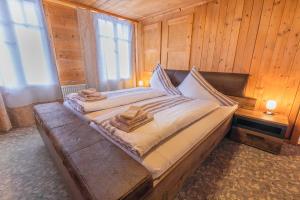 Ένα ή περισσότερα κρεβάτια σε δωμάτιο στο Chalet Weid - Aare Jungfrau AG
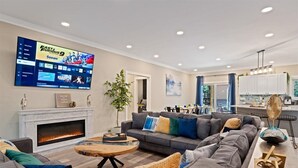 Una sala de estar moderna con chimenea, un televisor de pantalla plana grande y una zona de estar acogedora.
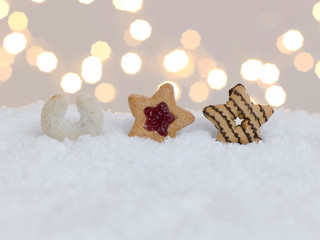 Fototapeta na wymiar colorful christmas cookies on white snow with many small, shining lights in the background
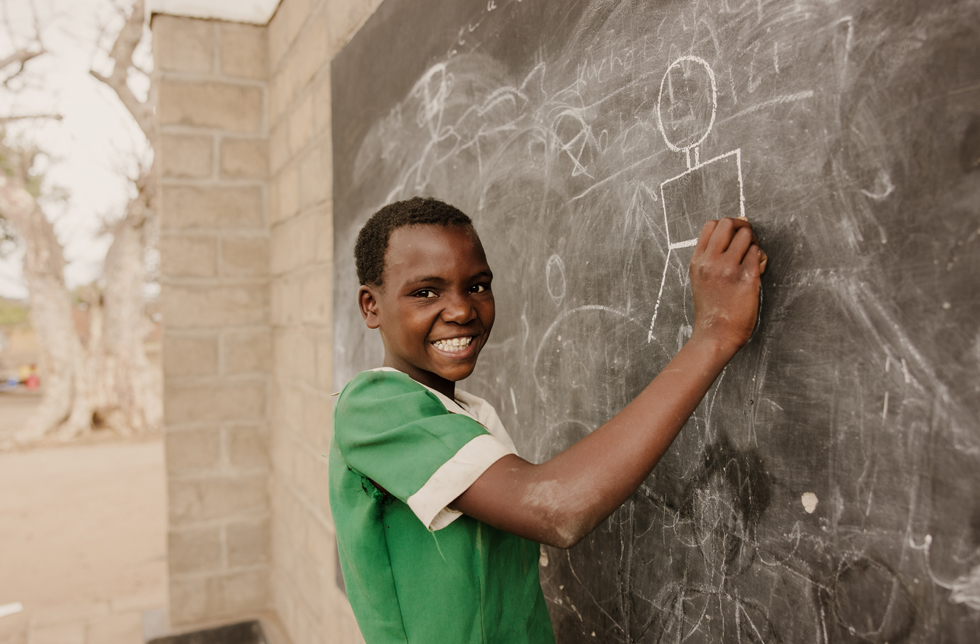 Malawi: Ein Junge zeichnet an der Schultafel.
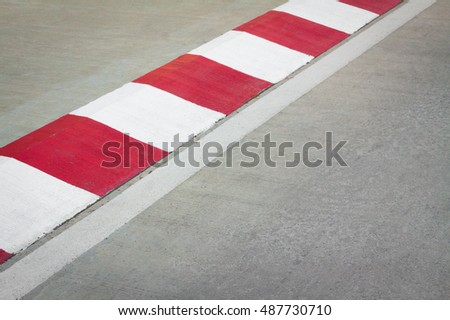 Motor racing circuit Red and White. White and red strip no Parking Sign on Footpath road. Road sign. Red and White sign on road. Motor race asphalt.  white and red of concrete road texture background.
###
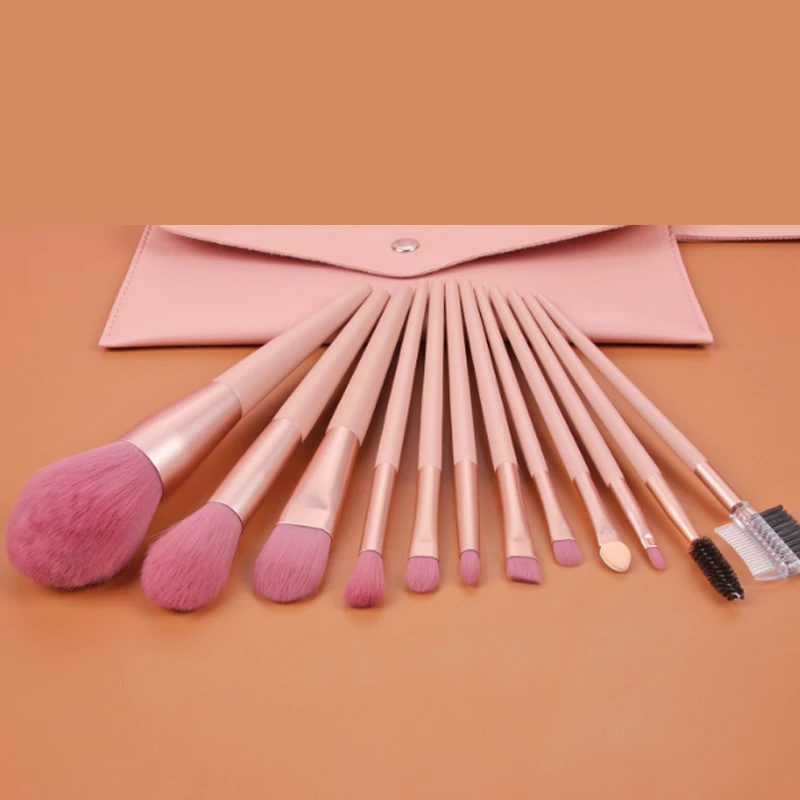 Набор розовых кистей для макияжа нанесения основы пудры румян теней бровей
###
• **TASK STATEMENT**:
Start at the line above containing "Ένα ή περισσότερα" and stop at the line containing "Motor racing circuit": print those lines and everything between them exactly, but not the pictures.

• **RESPONSE BOX**:
 Ένα ή περισσότερα κρεβάτια σε δωμάτιο στο Chalet Weid - Aare Jungfrau AG
 Una sala de estar moderna con chimenea, un televisor de pantalla plana grande y una zona de estar acogedora.
 Fototapeta na wymiar colorful christmas cookies on white snow with many small, shining lights in the background
 Malawi: Ein Junge zeichnet an der Schultafel.
 Motor racing circuit Red and White. White and red strip no Parking Sign on Footpath road. Road sign. Red and White sign on road. Motor race asphalt.  white and red of concrete road texture background.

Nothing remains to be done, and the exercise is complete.